Your instructions - Images should not appear in the copy, yet every line of the listing below must be printed exactly.

Material supplied -
* * * *

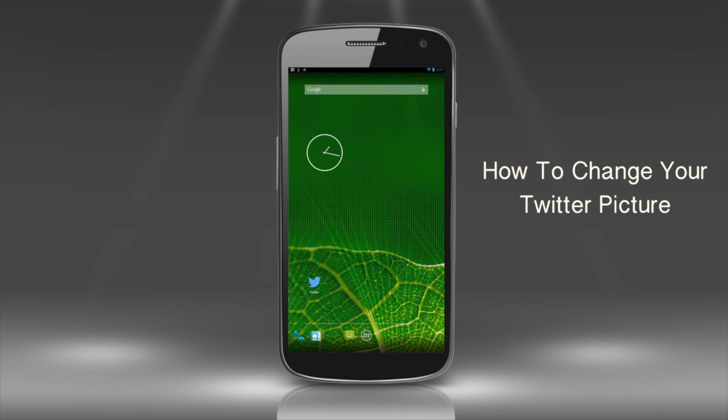In this tutorial, you will learn how to change your Twitter picture on an Android device.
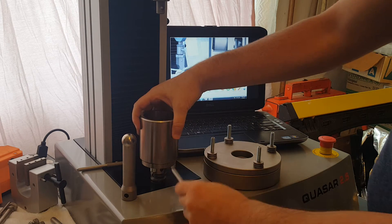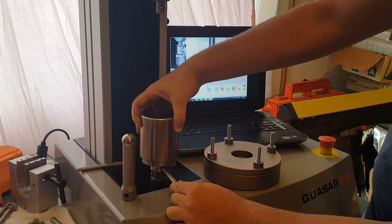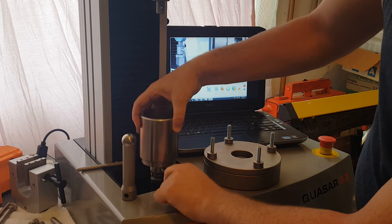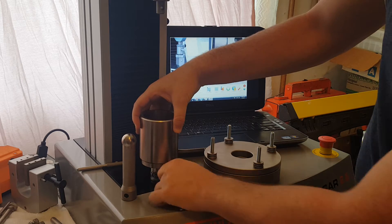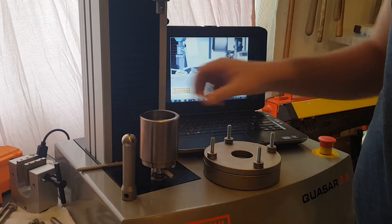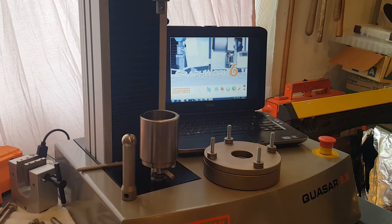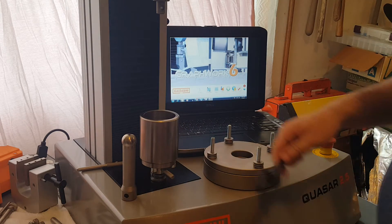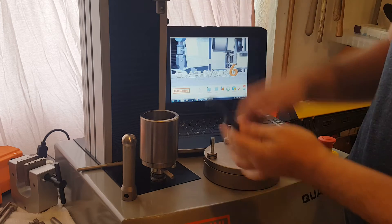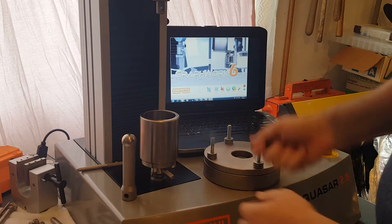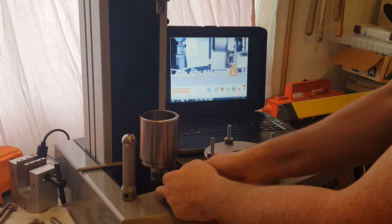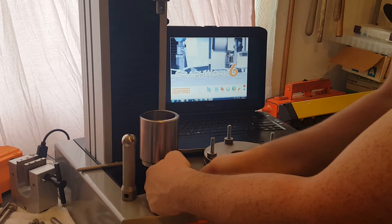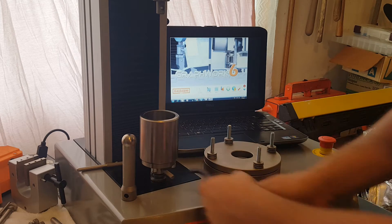We're going to take the clevis pin and slide that through. Now we want to make sure we have a nice connection so we're going to tighten the jam nuts with our spanner wrench. Go down and tighten that. Make sure that's nice and tight.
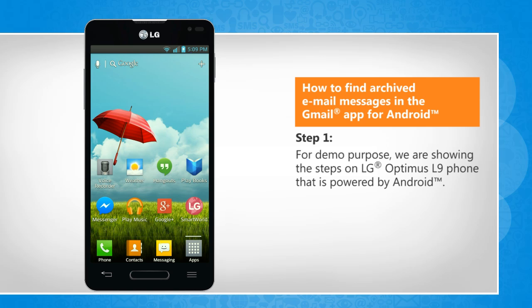For demo purpose, we are showing the steps on LG Optimus L9 phone that is powered by Android.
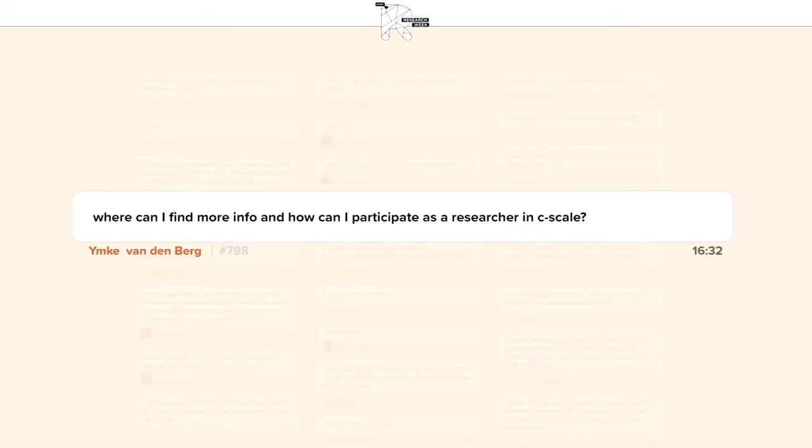Thank you, Raymond. Let's see if we have any questions. Where can I find more information and how can I participate as a researcher in C-Scale? You can find more about C-Scale on cscale.eu — a new website just launched — and you can follow on Twitter for new messages. We plan to open a new call to onboard new projects from the Earth observation domain this year, so keep an eye on the website and Twitter. Hopefully before the end of the year, Earth observation researchers will be able to participate, apply for time and resources free at the point of use from EOSC.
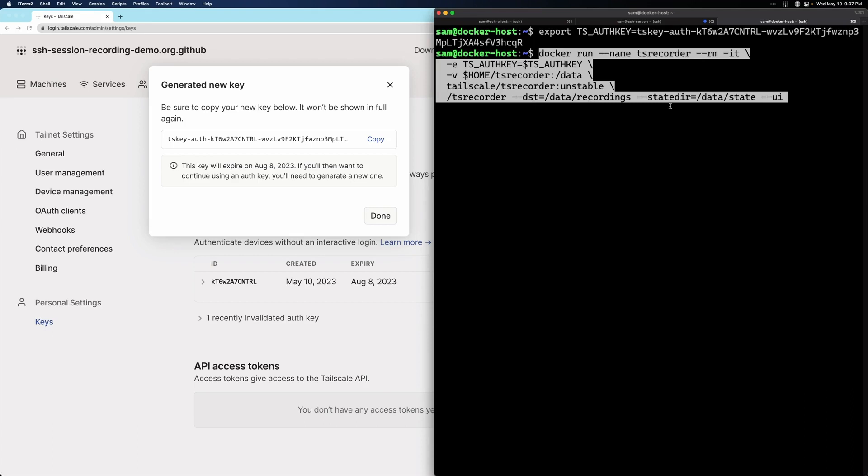Then we have another flag for our state. Our Tailscale state will be stored in a subfolder called state. And then last, we have the UI flag, and that specifies that we do want to run the built-in web UI for viewing session recordings. This is optional, but we're going to turn it on for this demo.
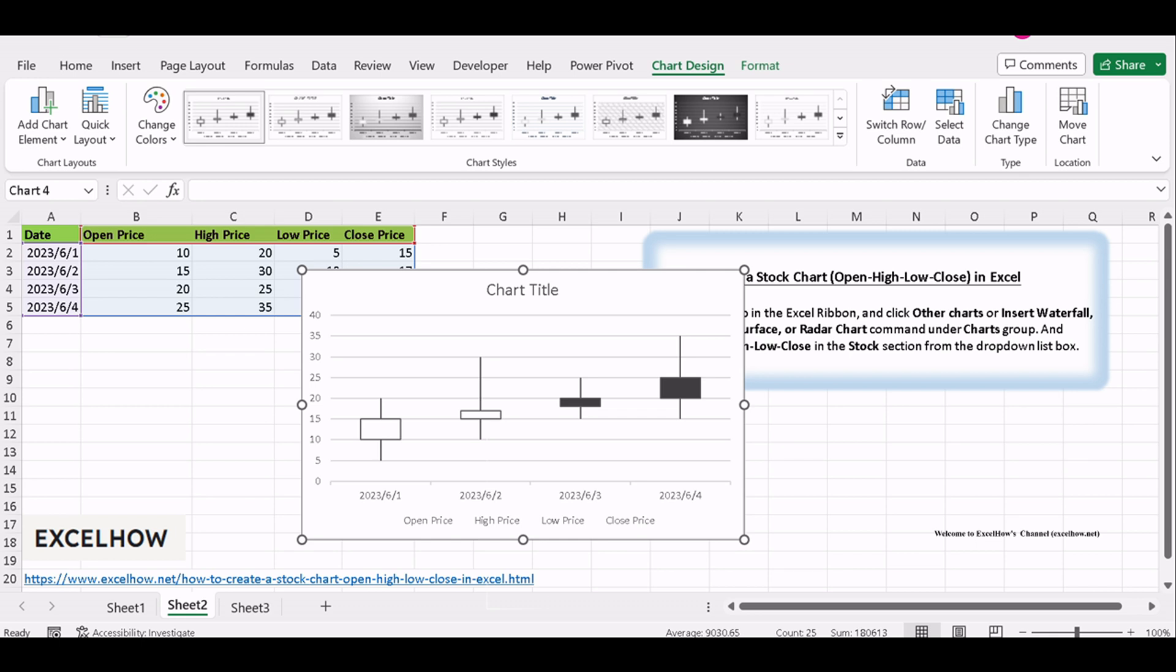start analyzing your stock data, spot trends, patterns, and potential trading opportunities.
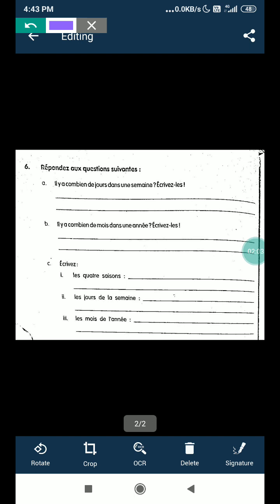Then see exercise 6 on page number 64. Same, all questions are there we have done. Il y a combien de jours dans une semaine? How many days in a week? Same question will come. Some MCQs will be given, then you have to choose the right answer. Same part B, il y a combien de mois dans une année? How many months in a year?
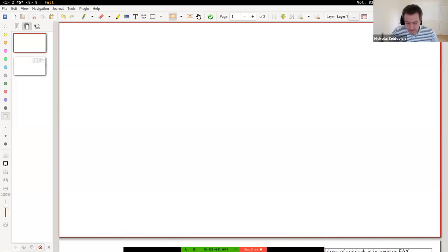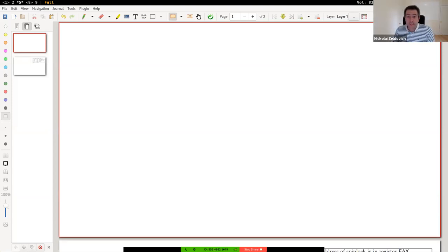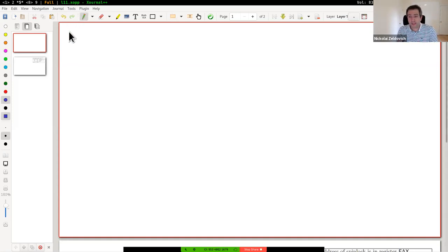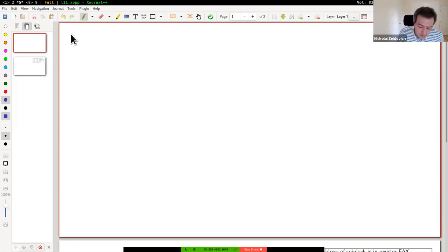Welcome back everyone. Today we're going to start talking about concurrency. This is going to be a sizable series of lectures. We'll talk about concurrency starting from the low-level primitives — what happens at the hardware level and how to come to terms with what the hardware is giving us for concurrency.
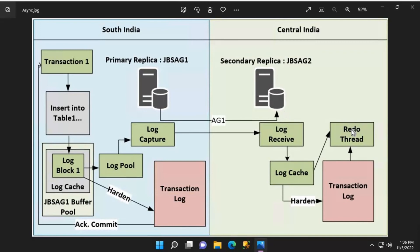The redo thread applies those transaction log blocks and runs independently of how log blocks are being generated on the secondary or being copied and persisted. If the redo thread is running a few minutes behind, those log blocks may not be available in the log cache — in that case, it will pick up those log blocks from the log disk. That's it for this video. Thanks for watching, have a great day. Jai Hind.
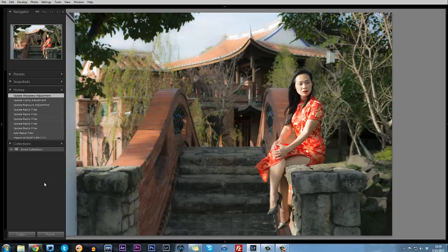So take a look at the public beta, check out the new radial filter tool and play around with it. I think you'll get some pretty good options, so check it out.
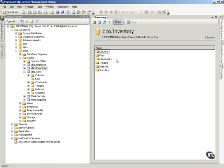Now that we've created our tables, chosen data types, and talked about those, let's talk about setting primary and foreign keys. I want to show you how to do this in SQL Server Management Studio. If you're not familiar with what primary and foreign keys are, I would direct you to the documentation.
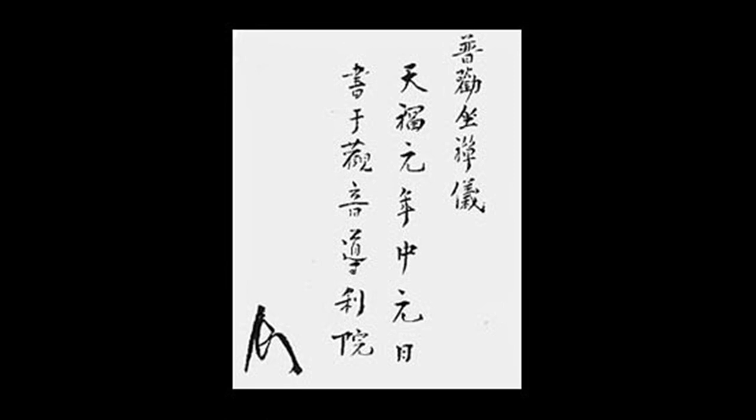Fukanzazengi: Universally Recommended Instructions for Zazen by Eihei Dogen. The way is originally perfect and all-pervading - how could it be contingent on practice and realization? The true vehicle is self-sufficient - what need is there for special effort? Indeed, the whole body is free from dust.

* * * *

Solution for this problem -
In this tutorial, you will learn how to change your Twitter picture on an Android device.
We're going to take the clevis pin and slide that through. Now we want to make sure we have a nice connection so we're going to tighten the jam nuts with our spanner wrench. Go down and tighten that. Make sure that's nice and tight.
For demo purpose, we are showing the steps on LG Optimus L9 phone that is powered by Android.
Thank you, Raymond. Let's see if we have any questions. Where can I find more information and how can I participate as a researcher in C-Scale? You can find more about C-Scale on cscale.eu — a new website just launched — and you can follow on Twitter for new messages. We plan to open a new call to onboard new projects from the Earth observation domain this year, so keep an eye on the website and Twitter. Hopefully before the end of the year, Earth observation researchers will be able to participate, apply for time and resources free at the point of use from EOSC.
Then we have another flag for our state. Our Tailscale state will be stored in a subfolder called state. And then last, we have the UI flag, and that specifies that we do want to run the built-in web UI for viewing session recordings. This is optional, but we're going to turn it on for this demo.
start analyzing your stock data, spot trends, patterns, and potential trading opportunities.
Then see exercise 6 on page number 64. Same, all questions are there we have done. Il y a combien de jours dans une semaine? How many days in a week? Same question will come. Some MCQs will be given, then you have to choose the right answer. Same part B, il y a combien de mois dans une année? How many months in a year?
Welcome back everyone. Today we're going to start talking about concurrency. This is going to be a sizable series of lectures. We'll talk about concurrency starting from the low-level primitives — what happens at the hardware level and how to come to terms with what the hardware is giving us for concurrency.
The redo thread applies those transaction log blocks and runs independently of how log blocks are being generated on the secondary or being copied and persisted. If the redo thread is running a few minutes behind, those log blocks may not be available in the log cache — in that case, it will pick up those log blocks from the log disk. That's it for this video. Thanks for watching, have a great day. Jai Hind.
So take a look at the public beta, check out the new radial filter tool and play around with it. I think you'll get some pretty good options, so check it out.
Now that we've created our tables, chosen data types, and talked about those, let's talk about setting primary and foreign keys. I want to show you how to do this in SQL Server Management Studio. If you're not familiar with what primary and foreign keys are, I would direct you to the documentation.
Fukanzazengi: Universally Recommended Instructions for Zazen by Eihei Dogen. The way is originally perfect and all-pervading - how could it be contingent on practice and realization? The true vehicle is self-sufficient - what need is there for special effort? Indeed, the whole body is free from dust.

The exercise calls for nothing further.